1. Regulatory requirements: The first section (0.1) establishes an emphasis on regulatory requirements that we see across the rest of the draft standard. This includes not only the local requirements that apply to your facility, but if you are an organization that commercializes its products globally, you also need to take into consideration all relevant international requirements. There are many references to this throughout the draft standard.
2. Risk management: Another theme that permeates the draft standard is the need to incorporate risk management into all the main quality system processes within your organization. Almost everything you do needs to be based on that risk, justifying that what you are doing is adequate and conforms to what you defined as part of your design and production activities.
3. Validation, verification, and design transfer: We covered this topic at length in the previous article. The draft standard puts a lot more structure into place surrounding these activities. You must have plans in place and documented evidence to show what you have been doing for validation, verification, and design transfer activities.
4. Outsourced processes and supplier control: The draft standard asks organizations to do a lot more when it comes to outsourcing processes and putting into place controls for assessing your suppliers — again based on risk.
5. Feedback: Finally, the draft requires you to monitor and measure the performance of your quality management system not only during production, but also post-market. You also have to incorporate those activities as part of your risk management process.

The committee has also improved the linkage between all the different clauses within the standard. Now, everything is more interconnected. They expect you to have systems in place that allow you to demonstrate conformance across the requirements in a more streamlined manner. For example, there is not just one section that discusses risk-management or regulatory requirements or CAPA — instead we see these topics addressed throughout the standard. It is a much more integrated approach.

How To Prepare (Now) For ISO 13485:201X
Although publication of the final standard may be months (or even years) away, there are several things medical device manufacturers should be doing now to ready themselves for its eventual release, since much of what we see in the draft standard will likely carry through to the final release.

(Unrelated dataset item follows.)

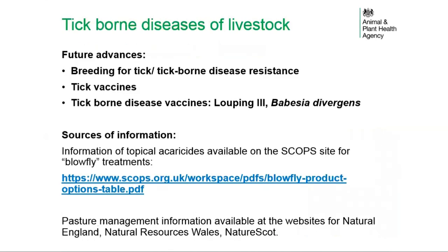Possible future advances include breeding of stock for tick and tick-borne disease resistance, development of tick vaccines, and development of tick-borne disease vaccines — in particular the louping ill vaccine and possibly babesia divergens vaccines. Useful sources of information include a table of topical acaricides on the SCOPS site listed under blowfly treatments, and pasture management information available from Natural England, Natural Resources Wales, and NatureScot.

One suggestion I would make is to take a close look at your risk-management processes. Review EN ISO 14971:2012 and determine ways to make your processes more robust based on your risk analysis activities. ISO 13485:2003 required manufacturers to perform many risk-management activities, but the new standard will expand risk-management into other processes. So using EN ISO 14971:2012 as a baseline is a good idea.

Another thing is to make sure you are up to date on regulatory requirements. You have to have a clear understanding of the expectations of all the different regulatory bodies in countries where you are commercializing your product. Having an essential requirements matrix is a good starting point. You can see if your product is affected or not, and determine if you need to revise procedures to comply with the changes. It would be smart for companies to start putting in timelines for updating procedures and completing training in advance of the final release.

In addition, figuring out ways to improve relationships with your critical suppliers will be crucial. This is mainly being driven by unannounced audits. Notified bodies will be asking for more audits and more records to show how you are managing your critical suppliers. I think it is important to use these coming changes to the standards as leverage to enhance supplier relationships.

Given the increased emphasis on feedback, you should also make sure that you have solid procedures in place to capture postmarket data in your medical device reports (MDRs). The coming changes to ISO 13485 present a great opportunity for you to start thinking about how to make those processes more robust. Maybe you need to start utilizing new software or hire additional resources to better manage customer complaints and analyze risk across the countries in which you sell. Regardless, now is the time to consider how to better organize these activities in your organization, to ensure you will be able to comply with the new standard when it arrives.